__Required work__. Answer with the exact lines of the following material from the one containing "Salil Hotel Bangkok" through the one containing "Nikolaos Sailing Yacht-罗德城必去景点", both end lines included.

__Data to process__.

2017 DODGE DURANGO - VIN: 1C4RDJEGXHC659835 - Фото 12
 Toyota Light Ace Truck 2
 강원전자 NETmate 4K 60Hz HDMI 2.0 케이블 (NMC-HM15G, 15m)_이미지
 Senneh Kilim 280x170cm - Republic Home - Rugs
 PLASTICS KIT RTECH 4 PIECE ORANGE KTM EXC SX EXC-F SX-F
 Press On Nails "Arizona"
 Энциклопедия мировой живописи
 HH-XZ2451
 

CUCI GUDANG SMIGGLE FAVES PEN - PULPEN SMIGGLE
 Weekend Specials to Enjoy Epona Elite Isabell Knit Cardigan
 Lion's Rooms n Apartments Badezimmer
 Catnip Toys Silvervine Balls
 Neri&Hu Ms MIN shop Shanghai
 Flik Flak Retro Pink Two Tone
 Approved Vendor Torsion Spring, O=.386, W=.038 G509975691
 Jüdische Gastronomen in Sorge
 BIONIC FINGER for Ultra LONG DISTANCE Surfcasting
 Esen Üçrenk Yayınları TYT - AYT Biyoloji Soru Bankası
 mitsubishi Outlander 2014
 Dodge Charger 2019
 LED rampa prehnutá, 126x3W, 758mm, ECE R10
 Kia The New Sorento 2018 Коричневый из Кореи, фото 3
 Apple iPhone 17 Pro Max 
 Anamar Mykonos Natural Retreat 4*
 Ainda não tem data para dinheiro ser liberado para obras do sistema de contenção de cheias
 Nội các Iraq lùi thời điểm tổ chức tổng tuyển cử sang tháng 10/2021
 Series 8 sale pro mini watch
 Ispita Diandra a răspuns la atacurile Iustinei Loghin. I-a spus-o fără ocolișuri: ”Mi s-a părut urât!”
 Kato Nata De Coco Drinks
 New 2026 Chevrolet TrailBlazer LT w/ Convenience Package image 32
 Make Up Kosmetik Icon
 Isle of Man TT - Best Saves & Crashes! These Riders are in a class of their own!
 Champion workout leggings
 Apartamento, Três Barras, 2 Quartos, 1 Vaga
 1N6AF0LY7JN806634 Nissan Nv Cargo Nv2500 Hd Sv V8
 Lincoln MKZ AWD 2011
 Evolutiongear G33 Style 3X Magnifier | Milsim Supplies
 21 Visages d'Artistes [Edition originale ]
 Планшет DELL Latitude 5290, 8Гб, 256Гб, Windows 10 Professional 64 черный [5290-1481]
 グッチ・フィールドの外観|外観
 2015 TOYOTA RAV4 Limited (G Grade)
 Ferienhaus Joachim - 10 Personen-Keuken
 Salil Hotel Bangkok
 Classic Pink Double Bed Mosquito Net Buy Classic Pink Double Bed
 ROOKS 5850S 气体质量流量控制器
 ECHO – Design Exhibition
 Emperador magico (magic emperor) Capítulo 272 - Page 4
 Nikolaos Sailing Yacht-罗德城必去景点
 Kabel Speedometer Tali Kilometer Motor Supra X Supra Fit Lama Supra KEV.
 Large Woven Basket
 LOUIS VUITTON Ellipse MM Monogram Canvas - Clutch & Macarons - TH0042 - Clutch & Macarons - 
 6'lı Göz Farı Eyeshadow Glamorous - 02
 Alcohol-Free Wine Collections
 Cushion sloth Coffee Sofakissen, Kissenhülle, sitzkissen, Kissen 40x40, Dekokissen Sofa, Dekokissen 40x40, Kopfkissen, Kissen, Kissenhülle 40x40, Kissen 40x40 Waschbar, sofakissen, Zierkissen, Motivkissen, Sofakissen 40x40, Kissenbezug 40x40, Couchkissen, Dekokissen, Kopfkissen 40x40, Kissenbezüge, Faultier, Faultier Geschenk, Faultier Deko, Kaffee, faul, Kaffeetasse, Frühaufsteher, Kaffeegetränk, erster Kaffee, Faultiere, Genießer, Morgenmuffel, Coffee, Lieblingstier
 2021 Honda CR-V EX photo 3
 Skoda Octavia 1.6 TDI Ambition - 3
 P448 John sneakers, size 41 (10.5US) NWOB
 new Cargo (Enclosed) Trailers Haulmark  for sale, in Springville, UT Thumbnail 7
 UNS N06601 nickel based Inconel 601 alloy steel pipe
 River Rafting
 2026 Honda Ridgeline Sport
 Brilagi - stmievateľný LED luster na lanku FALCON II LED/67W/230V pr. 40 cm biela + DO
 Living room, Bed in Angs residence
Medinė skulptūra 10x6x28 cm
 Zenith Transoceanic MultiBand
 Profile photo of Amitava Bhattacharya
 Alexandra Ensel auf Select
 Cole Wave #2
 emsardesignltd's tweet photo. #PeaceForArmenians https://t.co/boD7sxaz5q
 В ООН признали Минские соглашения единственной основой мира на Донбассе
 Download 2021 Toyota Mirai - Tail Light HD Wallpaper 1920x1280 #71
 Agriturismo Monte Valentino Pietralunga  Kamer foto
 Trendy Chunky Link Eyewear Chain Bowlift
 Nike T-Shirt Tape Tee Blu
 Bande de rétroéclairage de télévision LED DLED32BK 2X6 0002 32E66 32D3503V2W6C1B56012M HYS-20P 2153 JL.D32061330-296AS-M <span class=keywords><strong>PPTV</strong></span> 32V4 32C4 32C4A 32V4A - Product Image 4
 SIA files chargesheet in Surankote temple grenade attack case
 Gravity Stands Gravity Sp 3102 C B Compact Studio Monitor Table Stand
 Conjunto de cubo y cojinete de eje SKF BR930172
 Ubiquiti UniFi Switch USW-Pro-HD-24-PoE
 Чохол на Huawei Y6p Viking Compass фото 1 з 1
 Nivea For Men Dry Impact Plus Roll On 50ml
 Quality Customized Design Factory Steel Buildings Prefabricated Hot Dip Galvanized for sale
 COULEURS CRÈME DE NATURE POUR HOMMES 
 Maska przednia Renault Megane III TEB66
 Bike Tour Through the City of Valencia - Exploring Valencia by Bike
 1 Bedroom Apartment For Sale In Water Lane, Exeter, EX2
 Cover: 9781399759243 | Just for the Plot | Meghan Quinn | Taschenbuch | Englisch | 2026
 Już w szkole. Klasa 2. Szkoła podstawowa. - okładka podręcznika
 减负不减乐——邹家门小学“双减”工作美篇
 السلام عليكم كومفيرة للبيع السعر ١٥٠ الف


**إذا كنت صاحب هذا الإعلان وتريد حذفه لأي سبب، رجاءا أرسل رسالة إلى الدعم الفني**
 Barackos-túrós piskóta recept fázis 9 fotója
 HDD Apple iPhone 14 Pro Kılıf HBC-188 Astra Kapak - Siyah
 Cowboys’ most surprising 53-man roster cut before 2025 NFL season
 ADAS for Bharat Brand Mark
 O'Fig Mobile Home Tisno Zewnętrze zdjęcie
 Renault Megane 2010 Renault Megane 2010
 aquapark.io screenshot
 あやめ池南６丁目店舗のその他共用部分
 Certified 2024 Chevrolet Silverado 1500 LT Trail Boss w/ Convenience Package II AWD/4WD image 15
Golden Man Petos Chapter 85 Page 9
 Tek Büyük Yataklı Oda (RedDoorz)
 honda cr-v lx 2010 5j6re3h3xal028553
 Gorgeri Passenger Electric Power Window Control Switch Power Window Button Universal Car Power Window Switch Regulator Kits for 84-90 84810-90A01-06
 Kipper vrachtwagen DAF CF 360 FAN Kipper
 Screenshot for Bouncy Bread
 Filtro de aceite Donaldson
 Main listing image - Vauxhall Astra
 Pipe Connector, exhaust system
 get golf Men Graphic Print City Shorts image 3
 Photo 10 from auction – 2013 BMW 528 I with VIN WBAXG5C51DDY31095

__Output below__.
 Salil Hotel Bangkok
 Classic Pink Double Bed Mosquito Net Buy Classic Pink Double Bed
 ROOKS 5850S 气体质量流量控制器
 ECHO – Design Exhibition
 Emperador magico (magic emperor) Capítulo 272 - Page 4
 Nikolaos Sailing Yacht-罗德城必去景点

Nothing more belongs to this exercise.